**TASK DESCRIPTION**.
Each line from the one with "Reclinerfåtölj med uppresningshjälp" through the final line of the entries below must be printed exactly, and the pictures must not be.

Crawled caption data
━━━━━━━━

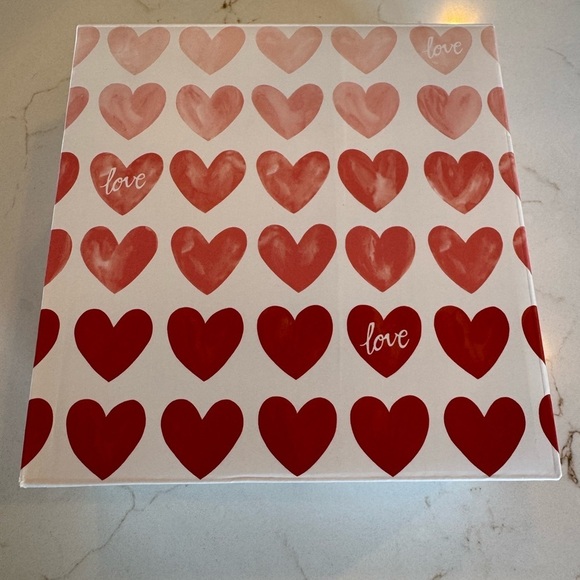 Pottery Barn Watercolor Heart-Shaped Ceramic Appetizer Love Plates Set of 4 - Picture 2 of 11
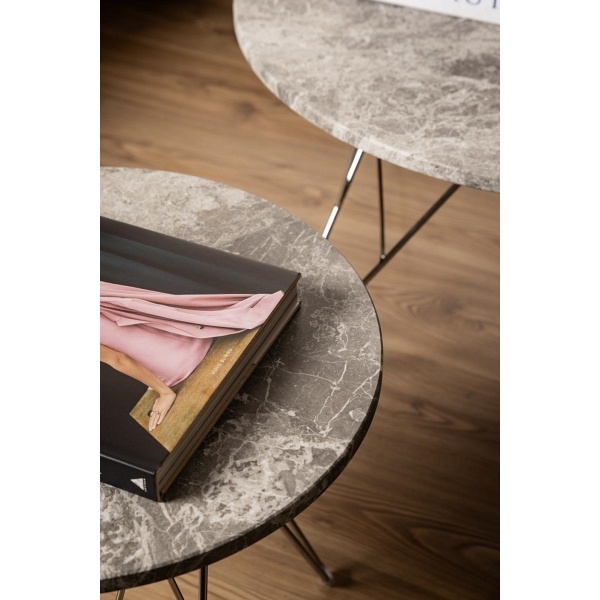 Stolik kawowy Prunus 55cm marmur szary/ chrom - ACTONA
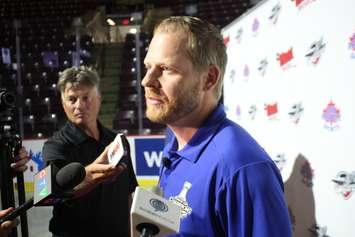 St. Louis Blues assistant coach and former Windsor Spitfire Steve Ott meets with reporters at the WFCU Centre, July 25, 2019. Photo by Mark Brown/Blackburn News.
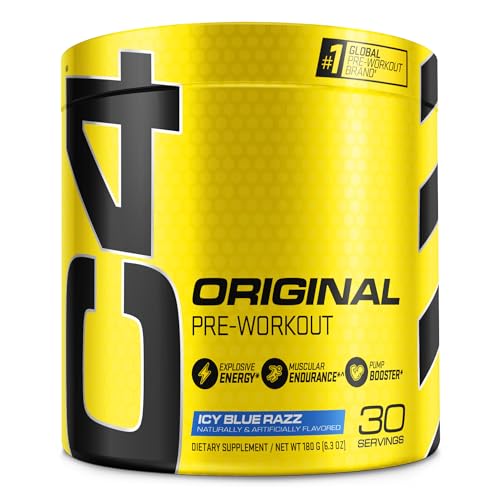 Cellucor C4 Original Pre Workout Powder Icy Blue Razz|Vitamin C for Immune Support|ZERO SUGAR Preworkout Energy for Men & Women|150mg Caffeine + Beta Alanine + Creatine|30 Servings-Packaging May Vary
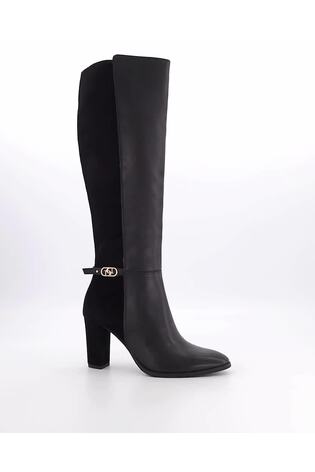 Dune London Black Solia Clean Smart High Boots - Image 2 of 5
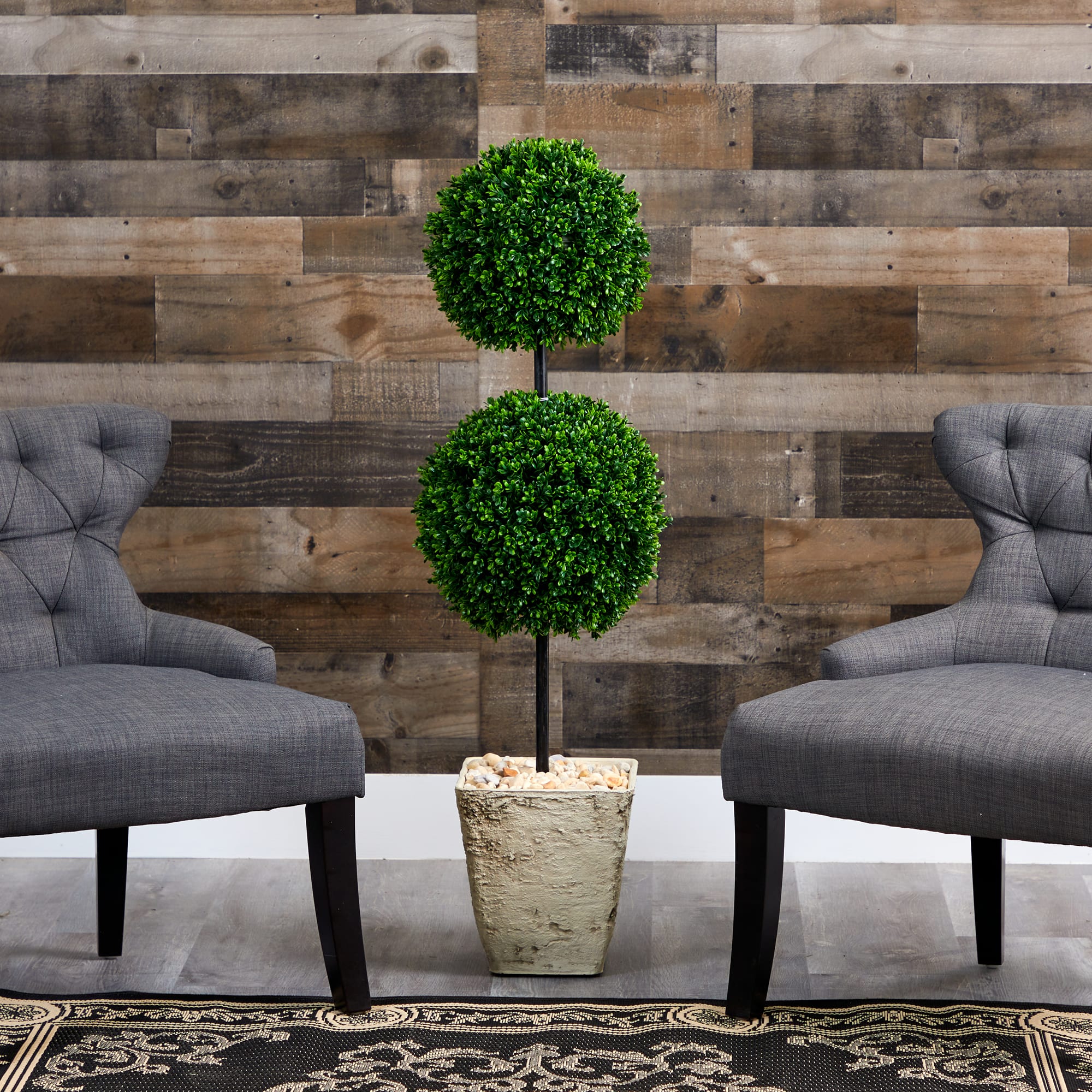 4ft. Boxwood Double Ball Topiary Tree in Country White Planter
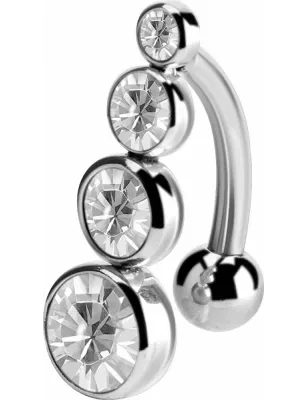 Piercing nombril inversé cristaux de Swarovski blanc
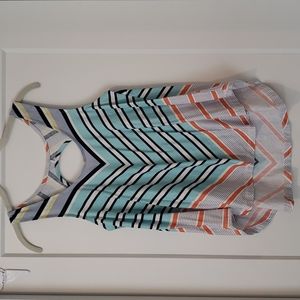 Anthropologie Deletta Striped Swing Top Keyhole Back Small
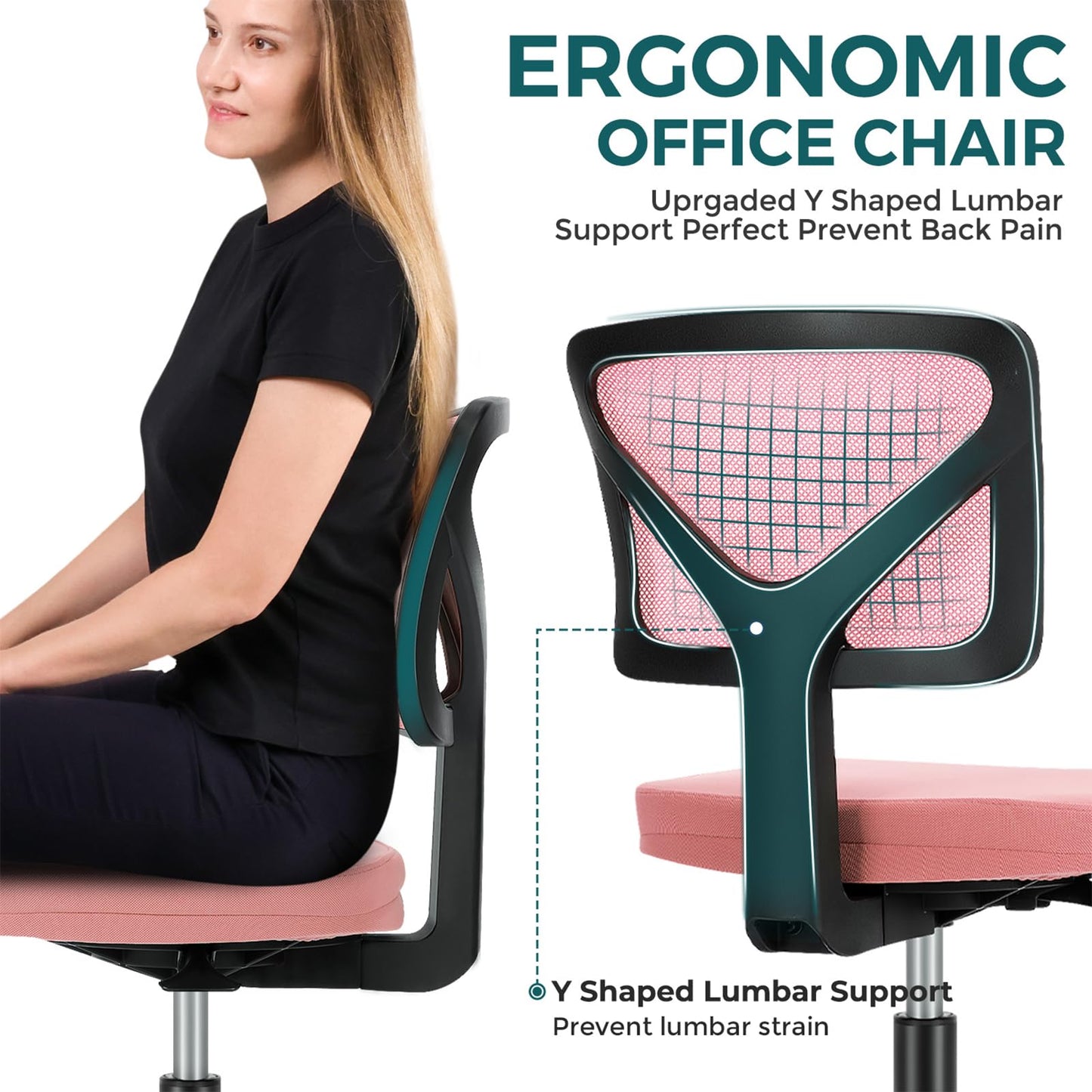 DUMOS Small Office Chair Armless, Ergonomic Adjustable Home Office Swivel Rolling Task Chair No Arms, Comfy Mesh Mid Back Computer Work Vanity Desk Chiars with Wheels for Small Spaces, Hot Pink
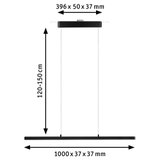 Zwarte LED-hanglamp met verstelbare lengte 120-150 cm en afmetingen 1000x37x37 mm voor moderne verlichting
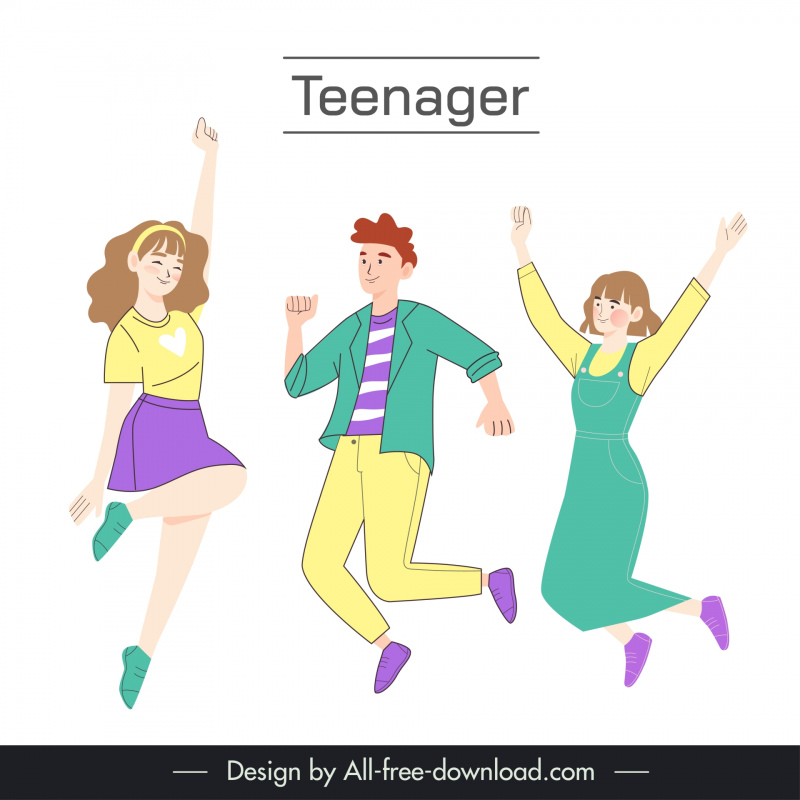 teenager youthful energy design elements flat handdrawn cartoon 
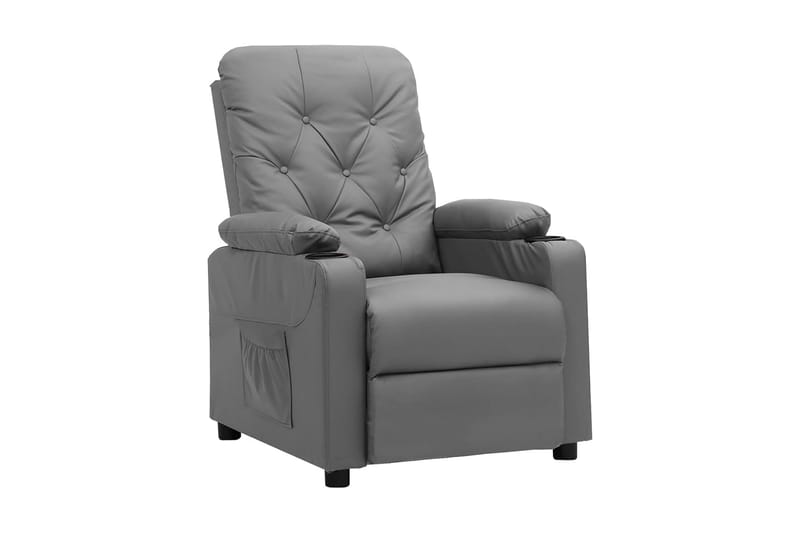 Reclinerfåtölj med uppresningshjälp grå konstläder - Grå - Möbler - Vardagsrum - Fåtöljer - Biofåtöljer & reclinerfåtöljer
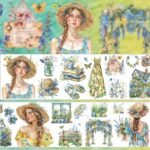 Mavi Çiçek Kız Tema Pet Bant Rulo 5cmx2m Scrapbook Bullet Journal Ajanda Washi Tape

━━━━━━━━

**ANSWER BOX**.
 Reclinerfåtölj med uppresningshjälp grå konstläder - Grå - Möbler - Vardagsrum - Fåtöljer - Biofåtöljer & reclinerfåtöljer
 Mavi Çiçek Kız Tema Pet Bant Rulo 5cmx2m Scrapbook Bullet Journal Ajanda Washi Tape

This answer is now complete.